In [1]:
import pandas as pd
import numpy as np

from IPython.core.display import display, HTML
#display(HTML("<style>.jp-CodeCell.jp-mod-outputsScrolled .jp-Cell-outputArea { max-height: 40em; }</style>"))
import ipywidgets as widgets
from ipywidgets import interact, interactive, interact_manual

from sklearn.preprocessing import StandardScaler
scaler = StandardScaler()

import os
os.chdir(r"C:\Users\randy\OneDrive\Desktop\School_project")
pd.set_option("display.max_rows", None, "display.max_columns", None)

import warnings
warnings.filterwarnings("ignore")

## Household Income
https://ofm.wa.gov/washington-data-research/economy-and-labor-force/median-household-income-estimates

In [2]:
income_df = pd.read_excel("median_household_income_estimates.xlsx",dtype = 'string')

In [3]:
features = [2020]
income_df = income_df.set_index('County')
income_df = income_df[features]
income_df.dropna(inplace=True, axis=0)
income_df.columns = ['Household_Income']
income_df.Household_Income = pd.to_numeric(income_df.Household_Income)
income_df.Household_Income = round(income_df.Household_Income )

income_mean = np.percentile(income_df['Household_Income'],35)
income_df = income_df[income_df['Household_Income'] >=income_mean]
income_df = income_df.Household_Income

## Housing Metrics
https://www.redfin.com/news/data-center/

In [4]:
#home_df = pd.read_csv(r"C:\Users\randy\OneDrive\Desktop\School_project\city_market_tracker.tsv000\city_market_tracker.tsv",sep='\t',header=0)
home_df = pd.read_csv("Washington_Home_Values.csv", dtype = 'string') 

In [5]:
Richland = ['Richland',412500.00,0,0,0]
Kennewick = ['Kennewick',387083.00,0,0,0]
Pasco = ['Pasco',387083.00,0,0,0]
WallaWalla = ['Walla Walla',377083.00,0,0,0]
WestRichland = ['West Richland',446000.00,0,0,0]
Pullman = ['Pullman',387083.00,0,0,0]
Prosser = ['Prosser',362000.00,0,0,0]
BentonCity = ['Benton City',368000.00,0,0,0]

missing_list = [Richland, Kennewick, Pasco, WallaWalla, WestRichland, Pullman, Prosser, BentonCity]
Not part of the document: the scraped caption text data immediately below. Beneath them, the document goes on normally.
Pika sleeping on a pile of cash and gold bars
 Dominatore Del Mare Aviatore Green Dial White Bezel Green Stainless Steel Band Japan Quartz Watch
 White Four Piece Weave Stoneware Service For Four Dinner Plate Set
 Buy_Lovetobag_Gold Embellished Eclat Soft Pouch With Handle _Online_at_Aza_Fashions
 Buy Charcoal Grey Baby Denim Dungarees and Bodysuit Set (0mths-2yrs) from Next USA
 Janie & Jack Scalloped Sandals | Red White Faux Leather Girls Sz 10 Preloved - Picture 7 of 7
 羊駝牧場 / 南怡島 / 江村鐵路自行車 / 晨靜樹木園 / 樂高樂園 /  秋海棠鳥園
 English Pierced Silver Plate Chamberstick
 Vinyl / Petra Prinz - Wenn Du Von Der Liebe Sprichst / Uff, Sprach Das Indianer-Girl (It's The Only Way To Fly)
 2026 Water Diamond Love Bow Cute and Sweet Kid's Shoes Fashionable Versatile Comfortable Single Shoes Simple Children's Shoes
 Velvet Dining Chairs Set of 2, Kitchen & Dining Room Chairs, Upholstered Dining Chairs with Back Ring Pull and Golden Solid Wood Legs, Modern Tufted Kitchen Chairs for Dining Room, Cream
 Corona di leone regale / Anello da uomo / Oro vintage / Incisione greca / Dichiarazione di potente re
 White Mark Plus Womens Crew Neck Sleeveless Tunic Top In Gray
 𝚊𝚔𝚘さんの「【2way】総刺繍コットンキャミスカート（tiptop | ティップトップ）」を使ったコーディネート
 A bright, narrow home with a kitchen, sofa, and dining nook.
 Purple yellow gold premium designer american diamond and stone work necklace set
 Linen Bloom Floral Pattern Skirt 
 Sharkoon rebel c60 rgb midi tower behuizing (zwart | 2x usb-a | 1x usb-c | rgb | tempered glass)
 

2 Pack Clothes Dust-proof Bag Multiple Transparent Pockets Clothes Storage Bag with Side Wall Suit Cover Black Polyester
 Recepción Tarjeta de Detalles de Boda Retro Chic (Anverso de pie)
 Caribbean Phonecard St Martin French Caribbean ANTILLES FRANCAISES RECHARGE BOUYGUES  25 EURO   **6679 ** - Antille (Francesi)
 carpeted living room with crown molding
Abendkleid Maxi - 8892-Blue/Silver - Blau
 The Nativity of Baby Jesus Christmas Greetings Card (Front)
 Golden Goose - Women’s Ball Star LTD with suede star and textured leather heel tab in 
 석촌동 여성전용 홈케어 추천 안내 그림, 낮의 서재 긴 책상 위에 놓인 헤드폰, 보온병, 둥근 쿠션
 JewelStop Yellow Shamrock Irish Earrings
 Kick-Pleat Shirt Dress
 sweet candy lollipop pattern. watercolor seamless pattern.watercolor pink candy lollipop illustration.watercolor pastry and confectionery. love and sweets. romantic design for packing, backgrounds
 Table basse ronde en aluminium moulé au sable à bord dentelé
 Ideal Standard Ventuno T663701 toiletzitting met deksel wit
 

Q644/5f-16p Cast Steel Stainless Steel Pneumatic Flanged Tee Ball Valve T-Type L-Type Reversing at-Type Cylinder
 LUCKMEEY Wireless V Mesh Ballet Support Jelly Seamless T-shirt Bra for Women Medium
home_features = ['City','median_sale_price','median_sale_price_mom','median_dom']
data_range = '2021-01-01|2021-02-01|2021-03-01|2021-04-01|2021-05-01|2021-06-01|2021-07-01|2021-08-01|2021-09-01|2021-10-01'

home_df.rename(columns={'city' : 'City'}, inplace=True)  ## channge city to conform with other datasets
home_df = home_df[home_df.period_begin.str.contains(data_range)] ## Select latest date
home_df = home_df[home_df.property_type.str.contains('Single Family Residential')]

home_df.dropna(inplace=True)

## Convert numeric data types
home_df.median_sale_price = home_df.median_sale_price.astype(float)
home_df.median_sale_price_mom = home_df.median_sale_price_mom.astype(float)
home_df.median_ppsf= home_df.median_ppsf.astype(float)
home_df.median_dom= home_df.median_dom.astype(float)

## Group to find median of date range
median_p = home_df.groupby(['City'])['median_sale_price'].median()
median_p_mom = home_df.groupby(['City'])['median_sale_price_mom'].median()
median_ppsf = home_df.groupby(['City'])['median_ppsf'].median()
median_dom = home_df.groupby(['City'])['median_dom'].median()

## Combine The DataFrames
home_df = pd.concat([median_p,median_p_mom, median_ppsf, median_dom], axis = 1)
home_df = home_df.groupby(['City']).first()
home_df.reset_index(inplace = True)

## Append missing city values
home_df = home_df.append(pd.DataFrame(missing_list, columns=list(home_df)))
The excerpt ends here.